__Short web captions__:
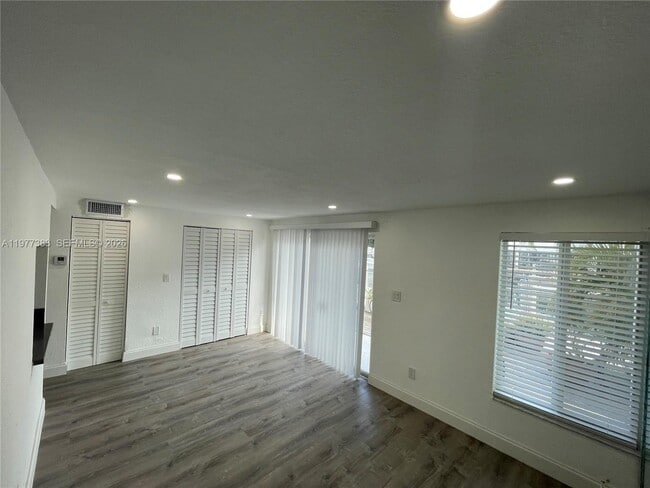3868 NE 169th St in North Miami Beach, FL - Building Photo - Building Photo
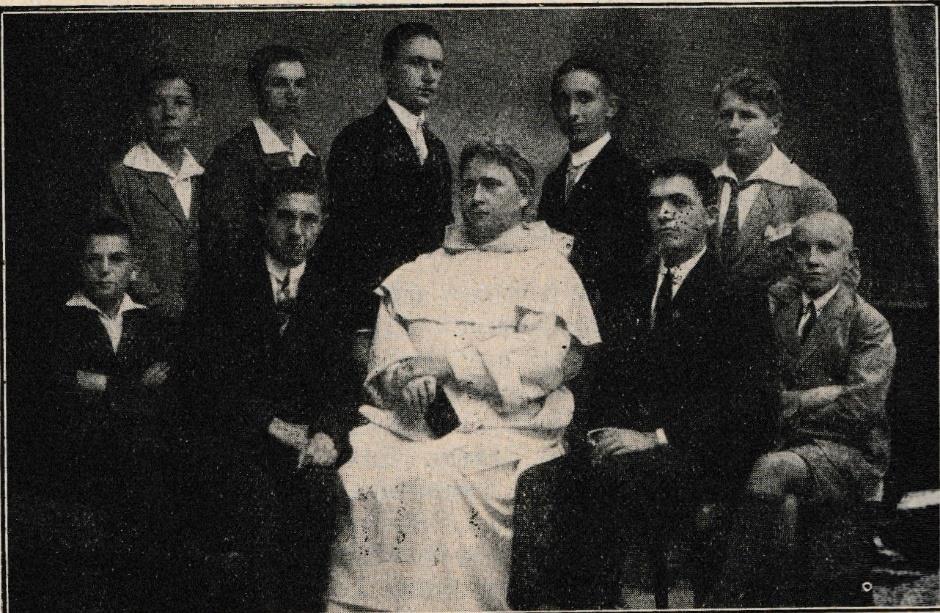 5. kép Juvenisták látogatása Budapesten (1927)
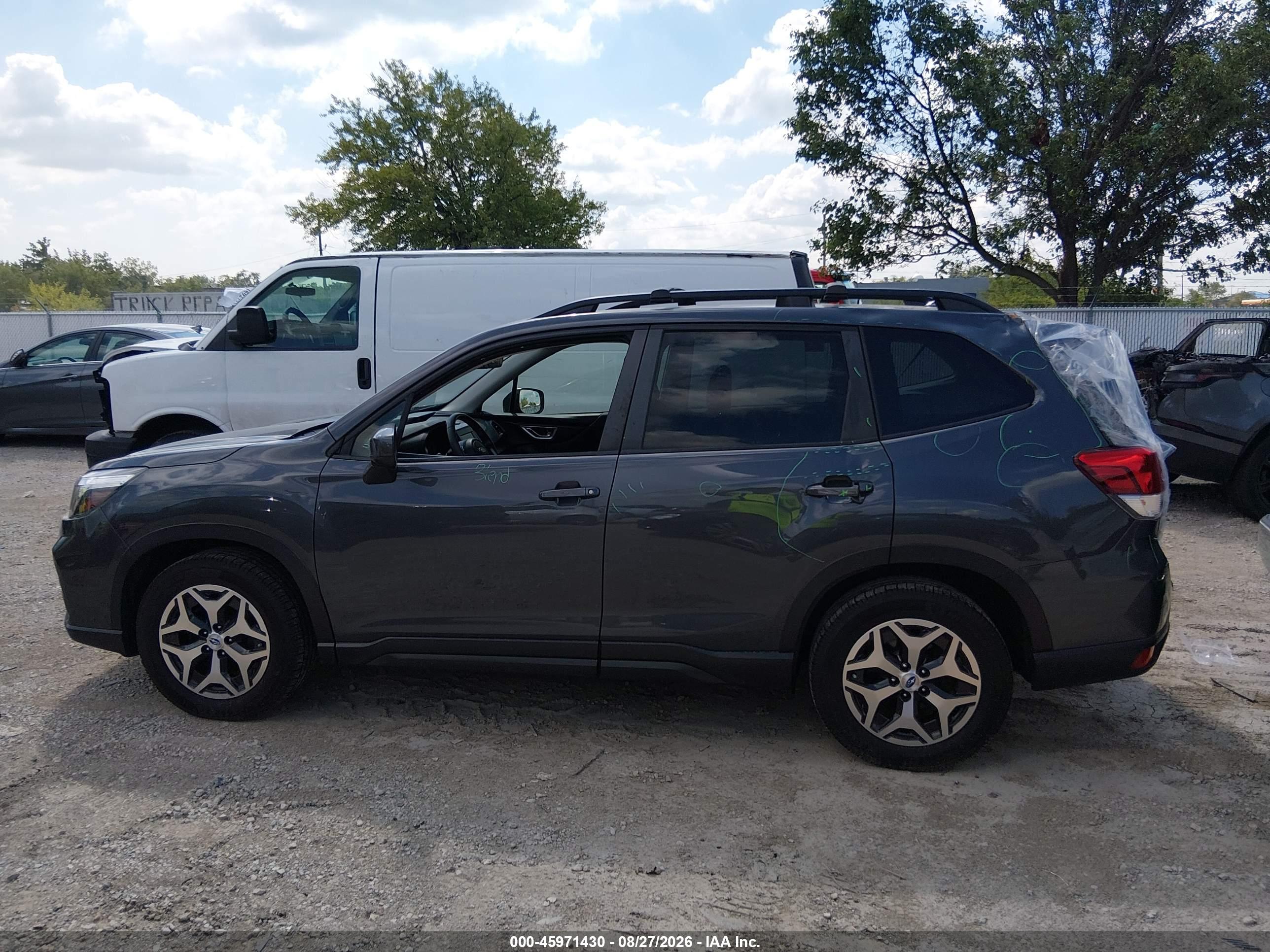 2020 SUBARU FORESTER PREMIUM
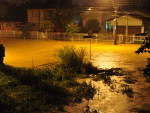 Na rua Rio Grande do Sul, bairro Anita Garibaldi, a rua tambm alagou na noite desta quarta-feira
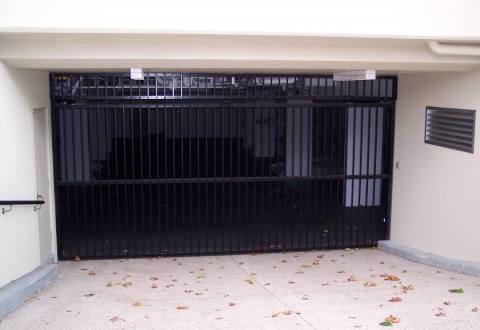 Bi-Fold Specialty Doors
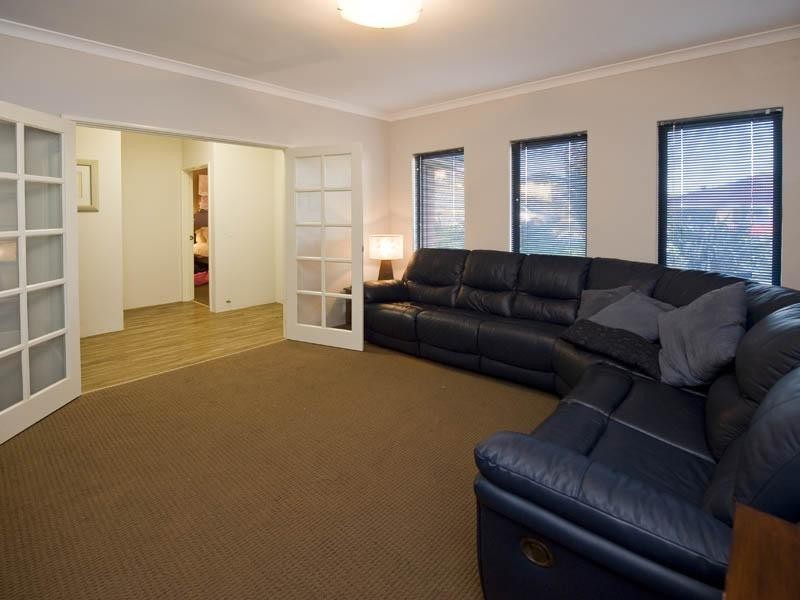 8 Tammin Court, Dawesville WA 6211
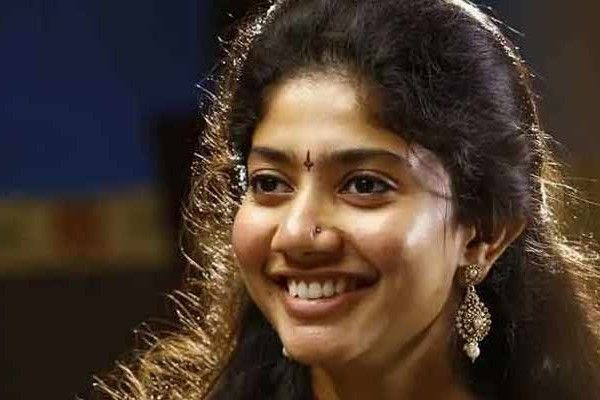 சாய் பல்லவி ஹிந்தியிலும் வரவேற்பைப் பெறுவாரா  ?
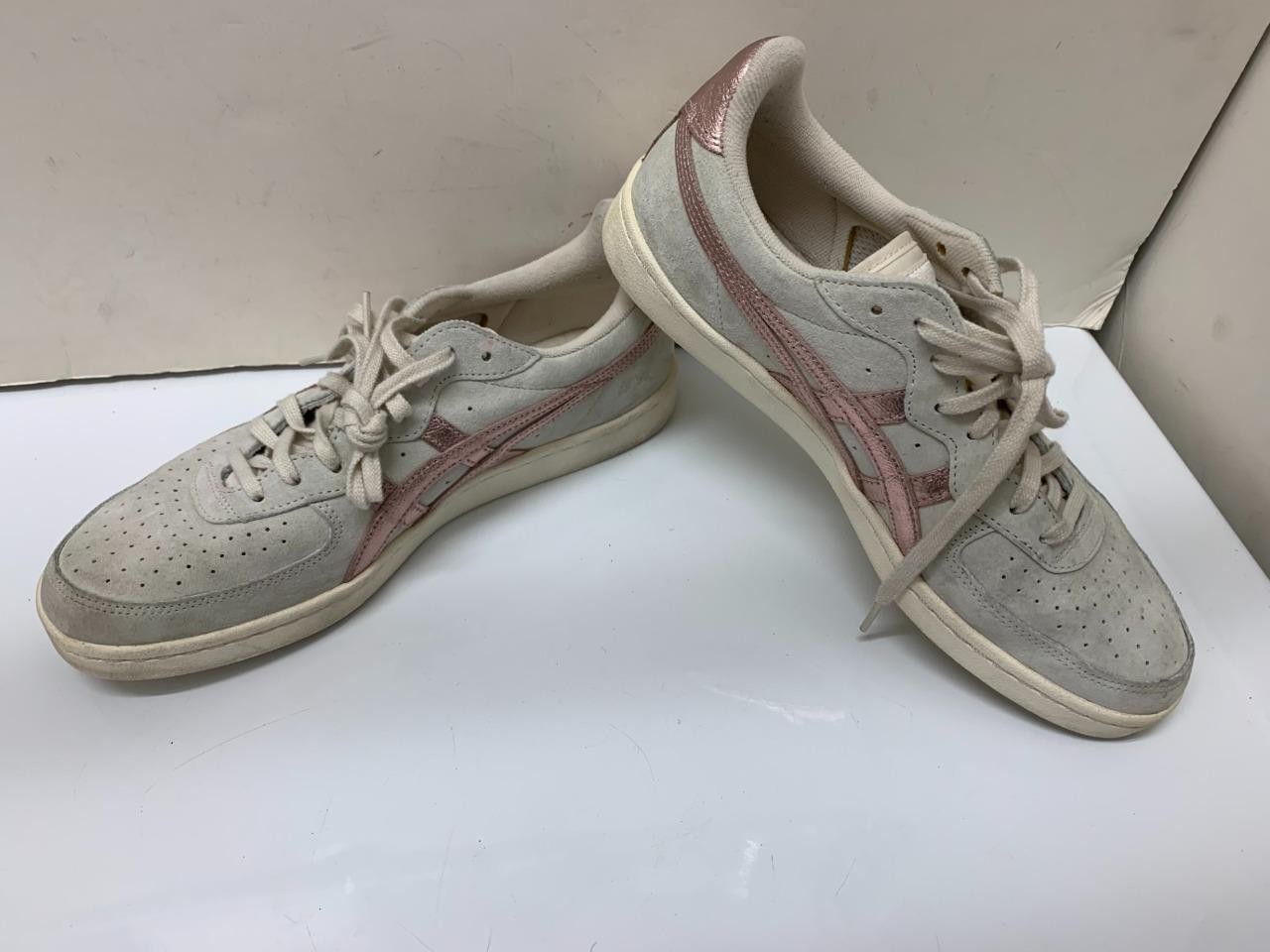 ASICS Onitsuka Tiger GSM Sneakers Leather Suede Beige Pink 1182A014-100 Sz 12
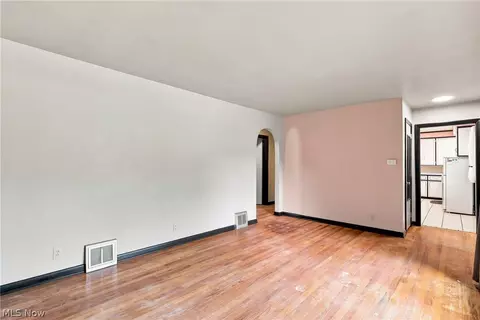294 Oxford Ave, Akron, OH 44310 photo 11
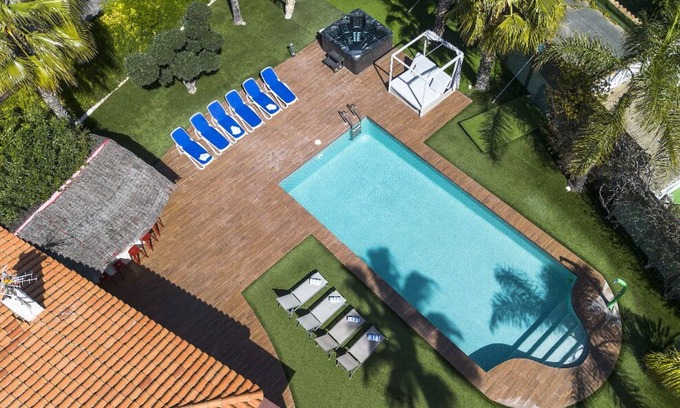 Chiva Ski Chalet | Fantasy Villa Valencia: Airport & Circuit Ricardo Tormo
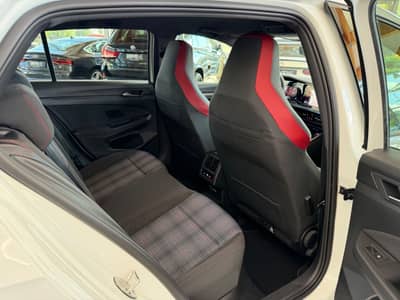 Volkswagen Golf VIII Lim. GTI ACC LED KAMERA H&K — slika 25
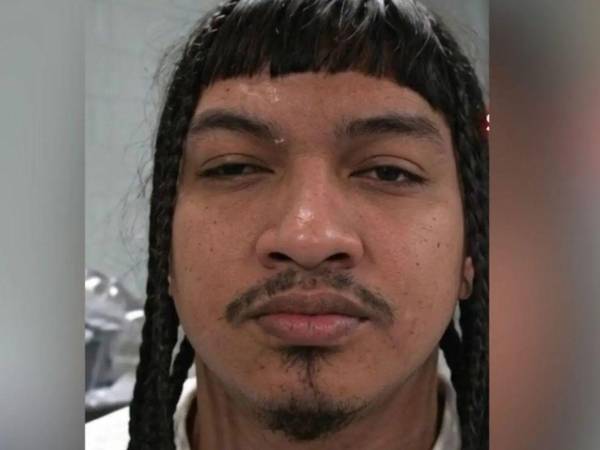 Junior Santos Carrasco fue detenido tras salir de un centro penitenciario de Louisiana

__Problem__: With the pictures left out, write out exactly the lines from the line containing "Volkswagen Golf VIII" through the last line of the entries above, both ends included, and no others.

__Solution__:
 Volkswagen Golf VIII Lim. GTI ACC LED KAMERA H&K — slika 25
 Junior Santos Carrasco fue detenido tras salir de un centro penitenciario de Louisiana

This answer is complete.